Researchers at Nanjing University published a new study in Environmental and Biogeochemical Processes describing a method for treating perfluorooctanoic acid (PFOA) in water. By introducing a small amount of formic acid into a UV-activated persulfate system, the researchers increased defluorination from 27% to 89% in 24 hours. The best results required acidic conditions (pH 2.5), an oxygen-free environment and 24 hours of 254-nm UV exposure. The method generates carbon dioxide radical anions, which are capable of attacking PFOA’s stable carbon-fluorine bonds.
(a) EPR analysis of UV/PS/FA, UV/PS, and UV/FA systems. (b) Free radical quenching experiments. Reaction conditions: PFOA = 20 µM, initial pH of 2.5, anaerobic environment. (a) PS = 2 mM, FA = 15 mM, DMPO = 100 mM, reaction time = 5 min, anaerobic environment. (b) PS = 4 mM, FA = 2 mM, MV2+ = 10 mg/L, CCl4 = 10 µM, Cr(VI) = 1 mM. Credit: Chinese Academy of Sciences
PFOA is part of a class of per- and polyfluoroalkyl substances, called PFAS, that are widely used in textiles, firefighting foams, packaging, electroplating and other industrial applications. Due to their strong carbon-fluorine bonds, the substances persist in the environment and accumulate in organisms, posing risks to liver function, immune systems and reproduction.
Separation technologies such as ion exchange resin (IXR) and granular activated carbon (GAC) can remove PFAS from water; however, the contaminants remain in the environment and continue to cause health risks. IXR results in a brine solution that contains high concentrations of PFAS, which must be disposed of through thermal treatment, underground injection or secure storage.

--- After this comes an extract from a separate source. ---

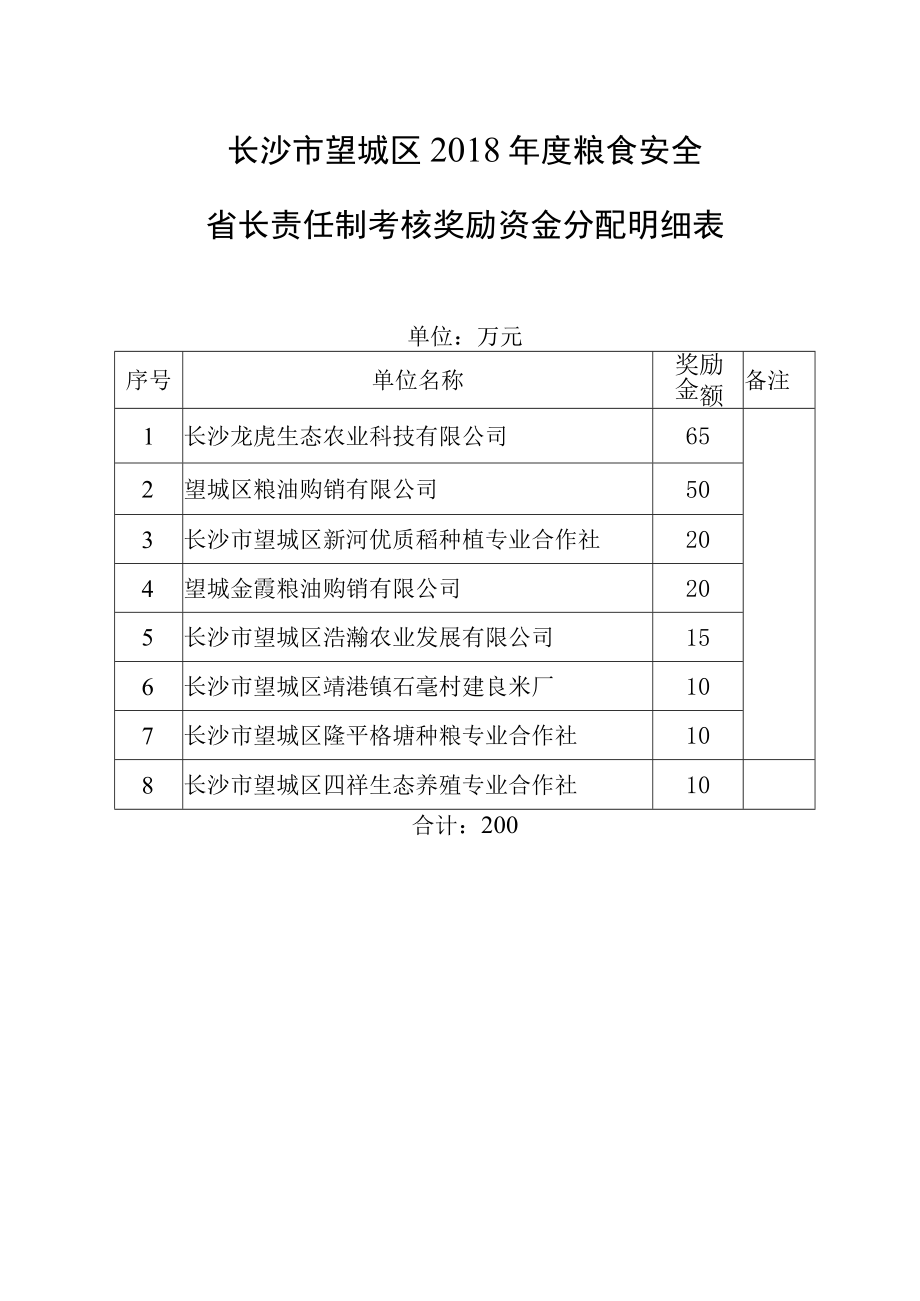 长沙市望城区2018年度粮食安全省长责任制考核奖励资金分配明细表.docx_第1页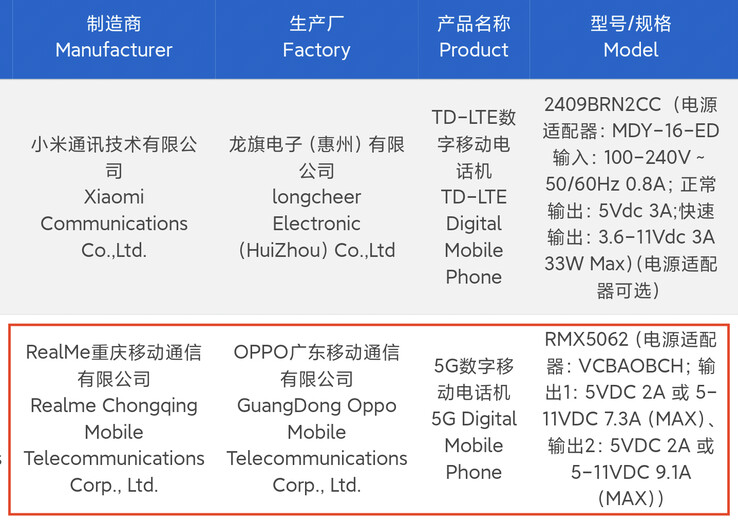 A "Neo7 Turbo" a 3C adatbázisban. (Forrás: Digital Chat Station via Weibo)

PFOA contains extremely strong carbon-fluorine bonds that make it difficult to break down. Traditional UV and oxidation methods are often inefficient at destroying the compounds unless conditions are extreme.
The new study showed that introducing formic acid to a UV-activated persulfate system increased defluorination. In other UV methods, the light activates the persulfate to create oxidizing radicals, which tend to attack the carboxyl end of PFOA rather than the carbon-fluorine backbone.
When formic acid is added, the system becomes reductive. The oxidizing radicals react with the acid to form carbon dioxide radical anions, strongly reductive compounds that can attack the carbon-fluorine bonds. Both persulfate and formic acid are inexpensive commodity chemicals, though the study did not include a full cost analysis for scaled-up treatment.
Unlike IXR, the new method does not produce a PFAS-heavy waste brine. However, the degradation process does generate short-chain perfluorocarboxylic acids as intermediates. When PFOA concentrations increased from 20 to 200 µM, defluorination efficiency dropped from roughly 85% to about 55%. The method could potentially be combined with concentration technologies like IXR to concentrate PFAS before destruction.